Data records:
──────

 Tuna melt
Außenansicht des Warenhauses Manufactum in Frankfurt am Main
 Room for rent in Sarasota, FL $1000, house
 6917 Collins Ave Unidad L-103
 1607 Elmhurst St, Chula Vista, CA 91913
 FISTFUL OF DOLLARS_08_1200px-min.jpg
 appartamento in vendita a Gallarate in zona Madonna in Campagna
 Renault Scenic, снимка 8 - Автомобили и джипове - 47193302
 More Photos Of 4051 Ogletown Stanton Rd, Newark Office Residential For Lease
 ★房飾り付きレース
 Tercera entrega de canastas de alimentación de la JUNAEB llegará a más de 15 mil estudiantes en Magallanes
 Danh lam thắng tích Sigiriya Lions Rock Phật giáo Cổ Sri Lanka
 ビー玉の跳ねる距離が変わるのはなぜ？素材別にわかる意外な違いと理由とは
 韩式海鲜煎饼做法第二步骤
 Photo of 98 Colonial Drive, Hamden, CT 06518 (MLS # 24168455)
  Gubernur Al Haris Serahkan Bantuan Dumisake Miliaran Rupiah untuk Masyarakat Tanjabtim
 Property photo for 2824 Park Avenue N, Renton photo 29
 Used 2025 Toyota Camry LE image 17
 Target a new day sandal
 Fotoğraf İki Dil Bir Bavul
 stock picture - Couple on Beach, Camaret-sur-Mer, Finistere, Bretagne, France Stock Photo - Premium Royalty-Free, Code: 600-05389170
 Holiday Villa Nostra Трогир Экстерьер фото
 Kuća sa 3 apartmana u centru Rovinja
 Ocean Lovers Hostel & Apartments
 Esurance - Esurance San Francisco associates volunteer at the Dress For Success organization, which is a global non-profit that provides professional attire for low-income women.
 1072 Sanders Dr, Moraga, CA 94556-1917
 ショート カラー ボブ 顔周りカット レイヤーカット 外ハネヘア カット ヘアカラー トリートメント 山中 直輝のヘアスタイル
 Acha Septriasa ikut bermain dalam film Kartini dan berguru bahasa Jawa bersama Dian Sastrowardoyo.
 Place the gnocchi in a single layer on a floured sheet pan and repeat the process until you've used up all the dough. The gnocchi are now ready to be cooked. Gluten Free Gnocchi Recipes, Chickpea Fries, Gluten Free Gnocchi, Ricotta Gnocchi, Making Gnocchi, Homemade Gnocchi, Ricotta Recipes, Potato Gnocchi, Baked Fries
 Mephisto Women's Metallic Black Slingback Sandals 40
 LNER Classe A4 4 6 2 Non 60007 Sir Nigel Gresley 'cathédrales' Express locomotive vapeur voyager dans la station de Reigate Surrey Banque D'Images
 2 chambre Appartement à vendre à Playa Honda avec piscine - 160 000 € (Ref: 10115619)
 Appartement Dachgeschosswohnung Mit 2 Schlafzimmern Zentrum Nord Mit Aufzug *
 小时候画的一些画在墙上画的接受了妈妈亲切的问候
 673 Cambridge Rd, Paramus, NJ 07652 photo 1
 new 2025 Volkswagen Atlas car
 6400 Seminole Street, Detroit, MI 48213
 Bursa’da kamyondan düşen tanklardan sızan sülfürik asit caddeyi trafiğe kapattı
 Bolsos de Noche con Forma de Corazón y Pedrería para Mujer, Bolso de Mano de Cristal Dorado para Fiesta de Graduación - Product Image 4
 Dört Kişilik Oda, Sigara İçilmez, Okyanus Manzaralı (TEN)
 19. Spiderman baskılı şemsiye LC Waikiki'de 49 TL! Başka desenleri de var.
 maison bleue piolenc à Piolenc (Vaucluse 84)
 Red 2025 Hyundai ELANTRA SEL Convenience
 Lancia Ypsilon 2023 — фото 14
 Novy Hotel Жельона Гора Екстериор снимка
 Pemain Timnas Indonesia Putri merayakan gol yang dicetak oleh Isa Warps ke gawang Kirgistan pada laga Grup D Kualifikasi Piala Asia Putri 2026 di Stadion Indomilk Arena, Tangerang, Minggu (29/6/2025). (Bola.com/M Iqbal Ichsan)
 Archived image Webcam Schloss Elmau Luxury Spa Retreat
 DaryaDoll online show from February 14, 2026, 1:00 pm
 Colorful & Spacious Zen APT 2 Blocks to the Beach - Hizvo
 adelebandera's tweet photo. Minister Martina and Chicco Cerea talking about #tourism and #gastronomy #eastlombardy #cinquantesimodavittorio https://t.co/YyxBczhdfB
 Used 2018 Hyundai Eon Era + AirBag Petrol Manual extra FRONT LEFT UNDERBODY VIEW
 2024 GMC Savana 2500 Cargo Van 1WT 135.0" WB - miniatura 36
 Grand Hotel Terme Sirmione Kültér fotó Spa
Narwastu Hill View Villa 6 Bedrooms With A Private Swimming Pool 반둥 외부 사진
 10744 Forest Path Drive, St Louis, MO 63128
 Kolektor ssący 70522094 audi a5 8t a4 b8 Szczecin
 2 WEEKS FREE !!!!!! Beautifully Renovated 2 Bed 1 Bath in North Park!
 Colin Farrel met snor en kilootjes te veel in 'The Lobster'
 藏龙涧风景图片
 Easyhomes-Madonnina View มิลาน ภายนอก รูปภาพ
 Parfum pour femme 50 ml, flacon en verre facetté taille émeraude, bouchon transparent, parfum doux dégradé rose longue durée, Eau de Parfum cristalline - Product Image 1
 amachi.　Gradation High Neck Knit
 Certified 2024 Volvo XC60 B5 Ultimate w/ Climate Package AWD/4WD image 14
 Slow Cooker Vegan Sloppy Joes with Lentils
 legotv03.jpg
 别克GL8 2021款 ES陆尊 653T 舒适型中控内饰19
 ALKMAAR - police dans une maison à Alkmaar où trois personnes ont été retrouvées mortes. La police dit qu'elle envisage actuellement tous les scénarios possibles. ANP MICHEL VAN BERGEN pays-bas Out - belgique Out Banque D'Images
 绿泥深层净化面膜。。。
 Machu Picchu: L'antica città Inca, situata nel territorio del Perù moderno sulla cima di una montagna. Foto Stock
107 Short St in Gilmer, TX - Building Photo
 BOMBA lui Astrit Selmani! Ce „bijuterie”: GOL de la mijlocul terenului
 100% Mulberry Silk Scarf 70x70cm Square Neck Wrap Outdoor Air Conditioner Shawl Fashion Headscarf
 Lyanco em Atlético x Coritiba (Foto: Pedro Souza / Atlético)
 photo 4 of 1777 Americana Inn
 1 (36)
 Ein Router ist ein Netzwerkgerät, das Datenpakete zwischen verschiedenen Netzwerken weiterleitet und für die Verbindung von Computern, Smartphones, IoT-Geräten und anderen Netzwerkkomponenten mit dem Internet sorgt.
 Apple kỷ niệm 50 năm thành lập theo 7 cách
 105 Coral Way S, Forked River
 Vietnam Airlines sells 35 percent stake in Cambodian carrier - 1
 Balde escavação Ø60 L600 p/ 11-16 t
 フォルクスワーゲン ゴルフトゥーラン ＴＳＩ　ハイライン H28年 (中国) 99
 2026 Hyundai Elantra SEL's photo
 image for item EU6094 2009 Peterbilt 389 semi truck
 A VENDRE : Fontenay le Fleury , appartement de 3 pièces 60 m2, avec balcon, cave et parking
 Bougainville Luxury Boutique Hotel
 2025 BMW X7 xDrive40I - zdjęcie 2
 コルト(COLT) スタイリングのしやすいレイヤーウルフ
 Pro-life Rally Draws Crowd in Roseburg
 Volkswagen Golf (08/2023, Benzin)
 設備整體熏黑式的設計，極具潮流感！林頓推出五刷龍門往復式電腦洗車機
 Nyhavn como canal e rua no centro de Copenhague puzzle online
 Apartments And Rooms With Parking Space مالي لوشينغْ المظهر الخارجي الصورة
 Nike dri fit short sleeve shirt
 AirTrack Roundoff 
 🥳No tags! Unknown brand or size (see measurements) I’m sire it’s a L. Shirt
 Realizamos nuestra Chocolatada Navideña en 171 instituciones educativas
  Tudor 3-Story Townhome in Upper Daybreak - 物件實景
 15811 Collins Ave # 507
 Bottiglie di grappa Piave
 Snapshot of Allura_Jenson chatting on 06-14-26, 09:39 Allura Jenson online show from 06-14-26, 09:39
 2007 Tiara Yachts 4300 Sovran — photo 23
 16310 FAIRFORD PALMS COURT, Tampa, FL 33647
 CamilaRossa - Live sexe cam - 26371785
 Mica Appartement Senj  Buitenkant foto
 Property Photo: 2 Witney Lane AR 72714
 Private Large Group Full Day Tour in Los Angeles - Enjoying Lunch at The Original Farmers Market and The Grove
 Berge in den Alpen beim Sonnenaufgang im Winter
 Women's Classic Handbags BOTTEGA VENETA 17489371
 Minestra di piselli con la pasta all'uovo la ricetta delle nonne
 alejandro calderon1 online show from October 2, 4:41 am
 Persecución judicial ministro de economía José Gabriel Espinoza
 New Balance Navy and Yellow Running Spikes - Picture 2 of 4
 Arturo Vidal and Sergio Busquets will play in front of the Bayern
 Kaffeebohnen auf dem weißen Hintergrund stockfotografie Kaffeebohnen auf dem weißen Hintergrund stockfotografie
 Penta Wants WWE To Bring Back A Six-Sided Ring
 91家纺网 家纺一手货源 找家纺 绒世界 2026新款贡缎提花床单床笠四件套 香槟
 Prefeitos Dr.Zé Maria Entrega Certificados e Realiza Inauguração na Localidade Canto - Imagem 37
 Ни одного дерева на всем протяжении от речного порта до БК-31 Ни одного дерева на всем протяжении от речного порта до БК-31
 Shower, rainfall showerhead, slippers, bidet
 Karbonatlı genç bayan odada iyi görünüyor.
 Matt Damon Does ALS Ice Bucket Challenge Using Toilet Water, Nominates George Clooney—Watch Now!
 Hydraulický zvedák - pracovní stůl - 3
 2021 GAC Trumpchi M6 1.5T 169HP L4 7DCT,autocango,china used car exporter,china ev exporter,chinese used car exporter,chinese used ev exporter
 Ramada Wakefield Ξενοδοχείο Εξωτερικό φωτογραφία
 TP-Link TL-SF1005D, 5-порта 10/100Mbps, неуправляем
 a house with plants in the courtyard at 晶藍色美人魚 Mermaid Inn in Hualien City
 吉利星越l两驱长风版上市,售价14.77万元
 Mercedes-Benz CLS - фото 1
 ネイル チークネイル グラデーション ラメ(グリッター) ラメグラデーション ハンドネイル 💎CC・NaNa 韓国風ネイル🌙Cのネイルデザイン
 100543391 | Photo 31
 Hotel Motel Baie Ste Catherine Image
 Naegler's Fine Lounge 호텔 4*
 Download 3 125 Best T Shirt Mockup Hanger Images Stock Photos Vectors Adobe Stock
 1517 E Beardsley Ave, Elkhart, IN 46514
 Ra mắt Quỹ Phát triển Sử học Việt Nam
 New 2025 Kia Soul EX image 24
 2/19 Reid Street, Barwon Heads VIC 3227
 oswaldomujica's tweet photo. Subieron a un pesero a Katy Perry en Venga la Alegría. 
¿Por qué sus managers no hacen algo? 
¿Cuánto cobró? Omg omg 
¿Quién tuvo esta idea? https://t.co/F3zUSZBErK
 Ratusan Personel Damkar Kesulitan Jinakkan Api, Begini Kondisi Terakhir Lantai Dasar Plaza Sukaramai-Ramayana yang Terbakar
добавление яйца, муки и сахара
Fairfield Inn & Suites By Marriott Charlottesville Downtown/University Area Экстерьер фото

──────

_Brief_: Your answer must consist solely of the lines from the one containing "Naegler's Fine Lounge 호텔 4*" through the last line of the entries, reproduced exactly.

_Result of the task_:
 Naegler's Fine Lounge 호텔 4*
 Download 3 125 Best T Shirt Mockup Hanger Images Stock Photos Vectors Adobe Stock
 1517 E Beardsley Ave, Elkhart, IN 46514
 Ra mắt Quỹ Phát triển Sử học Việt Nam
 New 2025 Kia Soul EX image 24
 2/19 Reid Street, Barwon Heads VIC 3227
 oswaldomujica's tweet photo. Subieron a un pesero a Katy Perry en Venga la Alegría. 
¿Por qué sus managers no hacen algo? 
¿Cuánto cobró? Omg omg 
¿Quién tuvo esta idea? https://t.co/F3zUSZBErK
 Ratusan Personel Damkar Kesulitan Jinakkan Api, Begini Kondisi Terakhir Lantai Dasar Plaza Sukaramai-Ramayana yang Terbakar
добавление яйца, муки и сахара
Fairfield Inn & Suites By Marriott Charlottesville Downtown/University Area Экстерьер фото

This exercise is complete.